● Data excerpt:
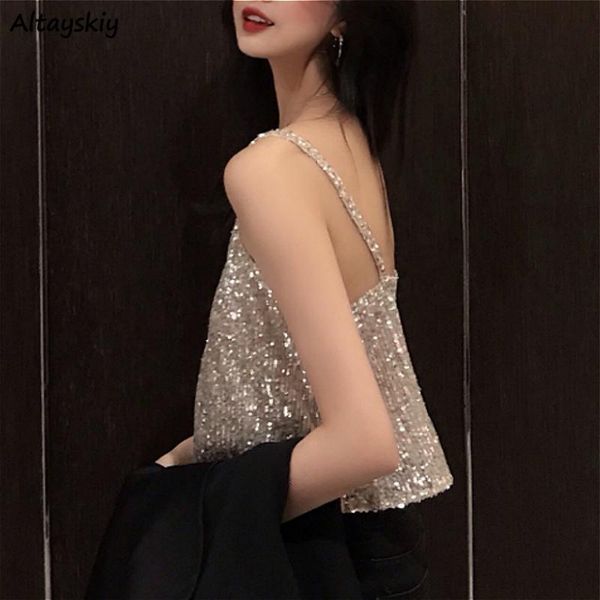 women's tanks & camis camisoles women chic silvery sequined v-neck off shoulder femme crop vintage korean loose street party womens, White
women's tanks & camis camisoles women chic silvery sequined v-neck off shoulder femme crop vintage korean loose street party womens, White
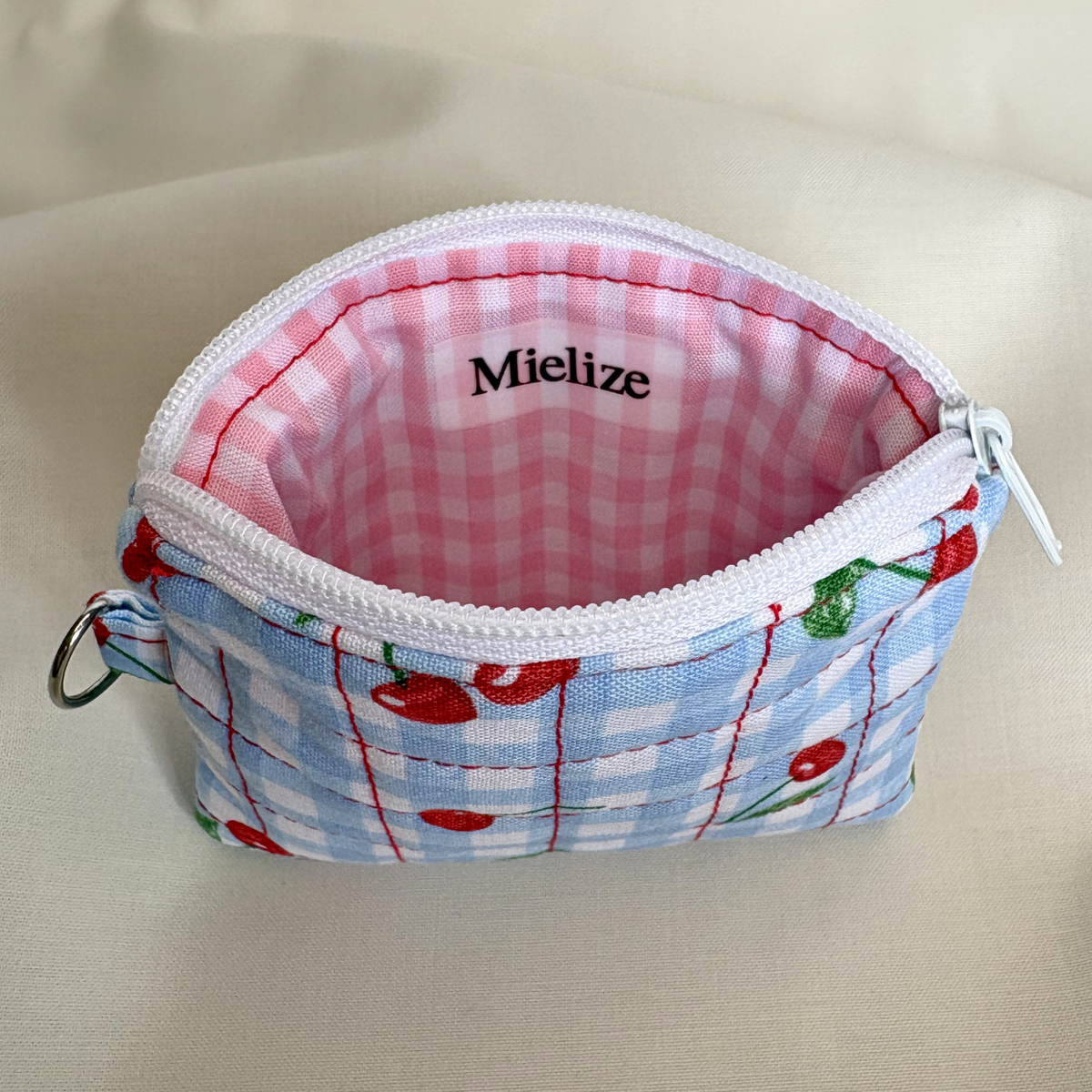 Quilted Zipper Pouch Keychain
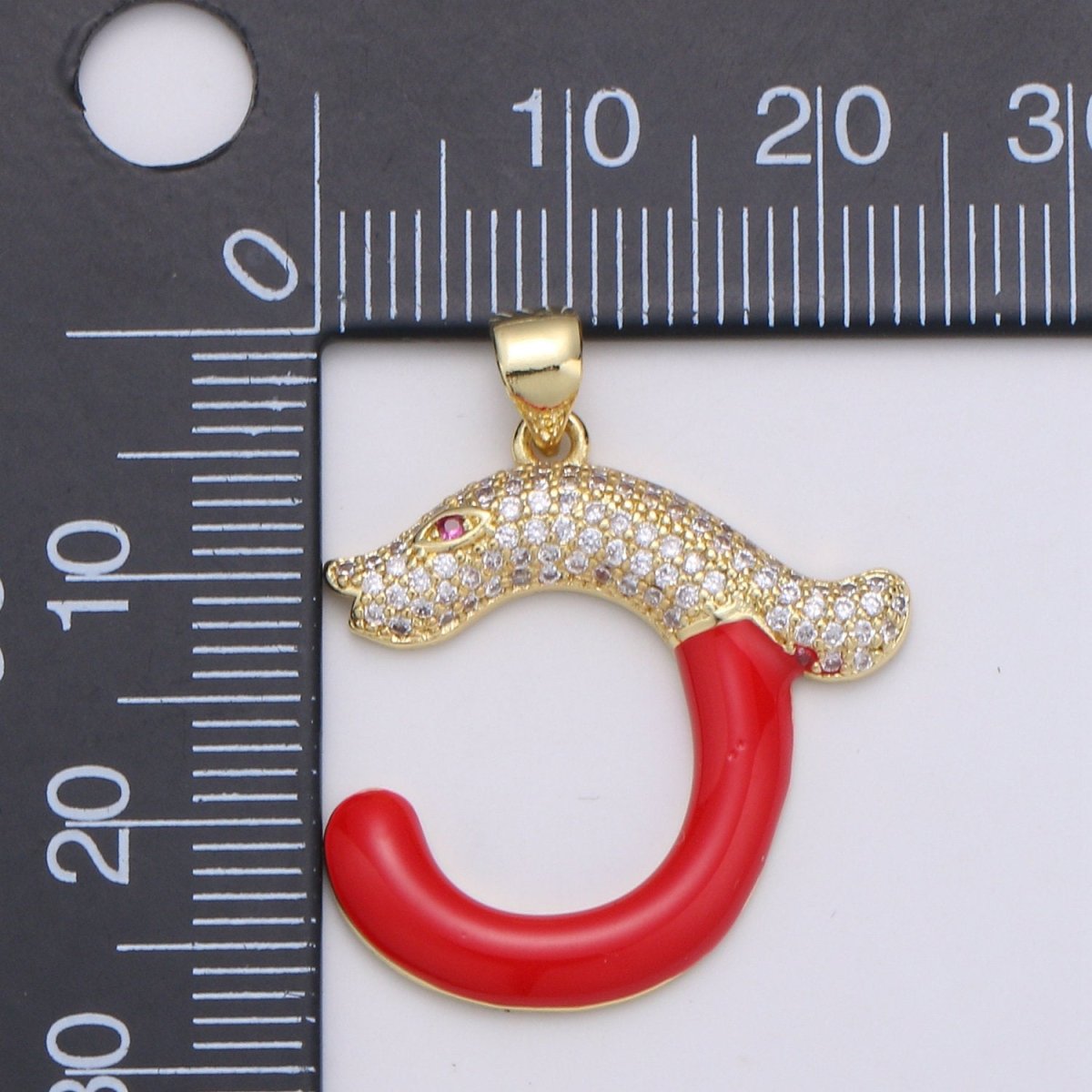 14k Gold Filled Cubic Red Eye Snake Pendant, CZ Cluster Pendant, Lucky Charm, Red Enamel Hook CZ Pave Pendant J-053 - DLUXCA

● To do: Exactly as they appear above, print all the lines, but not the pictures.

● Task response:
 women's tanks & camis camisoles women chic silvery sequined v-neck off shoulder femme crop vintage korean loose street party womens, White
women's tanks & camis camisoles women chic silvery sequined v-neck off shoulder femme crop vintage korean loose street party womens, White
 Quilted Zipper Pouch Keychain
 14k Gold Filled Cubic Red Eye Snake Pendant, CZ Cluster Pendant, Lucky Charm, Red Enamel Hook CZ Pave Pendant J-053 - DLUXCA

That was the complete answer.